Friday, July 30, 2010

a trip away from home

I was nominated for something at work (no prizes or anything like that, it is just to kind of be the person in our division that is aware of a larger organisation project which will be taking place over the next couple of years, or something to that effect anyway).  And well, the start of this is a workshop that will take place in Johannesburg over three days.  Which will mean 3 nights away from home for me.  In a week and a half!!  Now, I have known that this was a possibility when I returned to work.  But I never really thought about it, or expected it so soon.  And while I can probably try to get myself out of it (which is probably not really a good thing in the grand scheme of things), a work trip is bound to happen at some point in the future - so I might as well get over it now....  I cannot actually believe how much it has been on my mind since yesterday.  Dropping C off at day care that first day I returned to work after a whole SIX months was much easier than I anticipated - people told me how hard it was for them, how they cried all the way to work...  I had no such problem, dropped him off, kissed him good bye, and off I went.  But a few nights away from him is sounding a bit daunting at the moment.  I am sure it is all going to go down without a hitch, but I cannot help but wish I did not have to do this!

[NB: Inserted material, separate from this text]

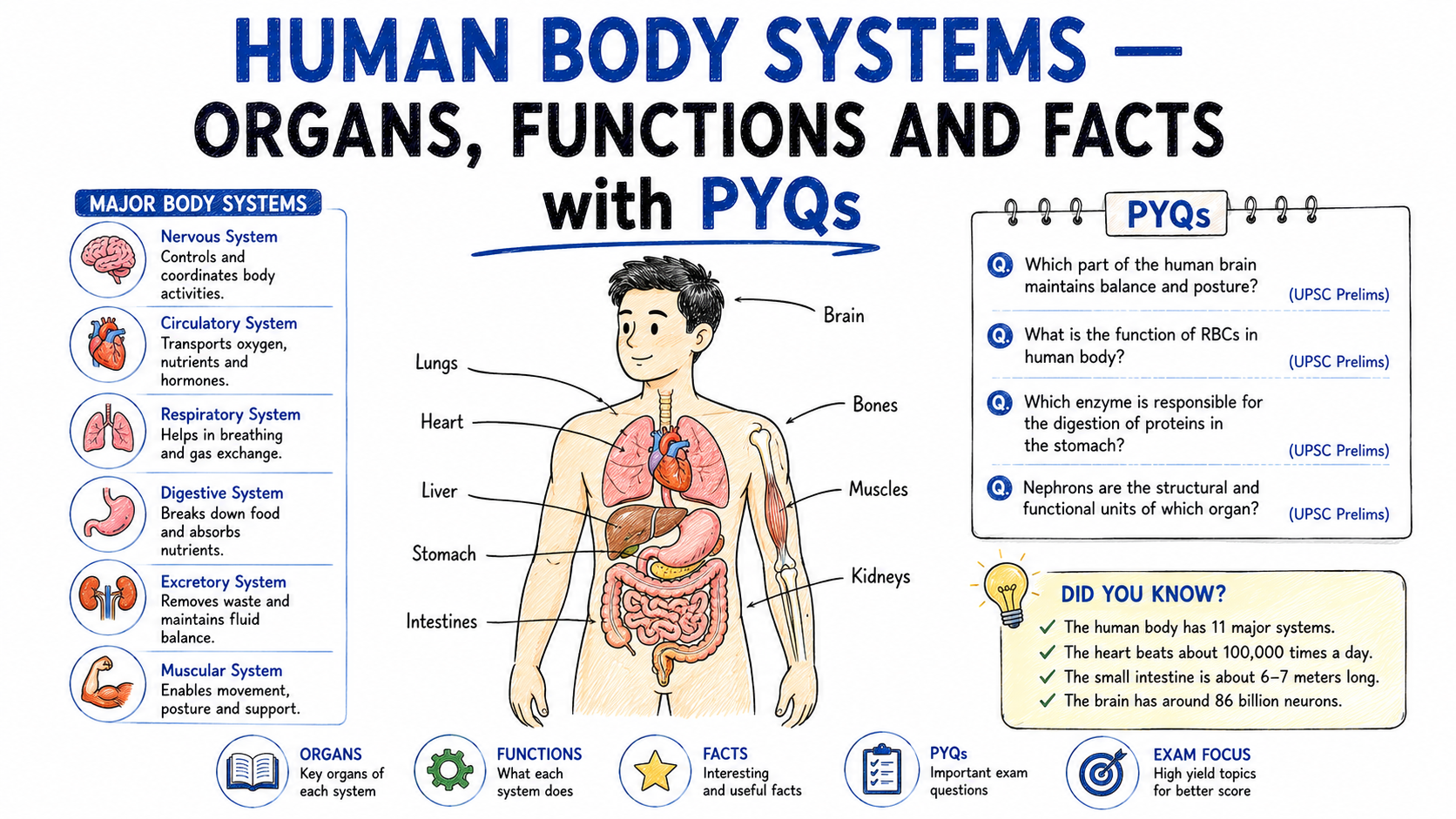 Human Body Systems — Organs, Functions and Facts with PYQs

I don't do these trips that often, but often enough for me...  I am not that familiar with Joburg, so it can be very lonely when I am there for a few days.  I stopped traveling during my first trimester (after I think about 3 trips) because at times those trips were just way too stressful and I did not want to add more stress to my life as it was.  At times it seems as though there are lots of meetings and workshops to attend up north, but then a long time can pass before it is necessary for me again.  I also remember traveling to Joburg once when I needed a day 21 blood test done at the start of our fertility journey - a day trip, this one planned well in advance, and then my body decides that now is the time...

Looking forward to this weekend.  We have a brunch at the day care tomorrow.  N's friend's baby is being baptised on Sunday, so we need to attend that too.

Off to the paed this morning for a 9 month check up.  But he is once again all "clogged up".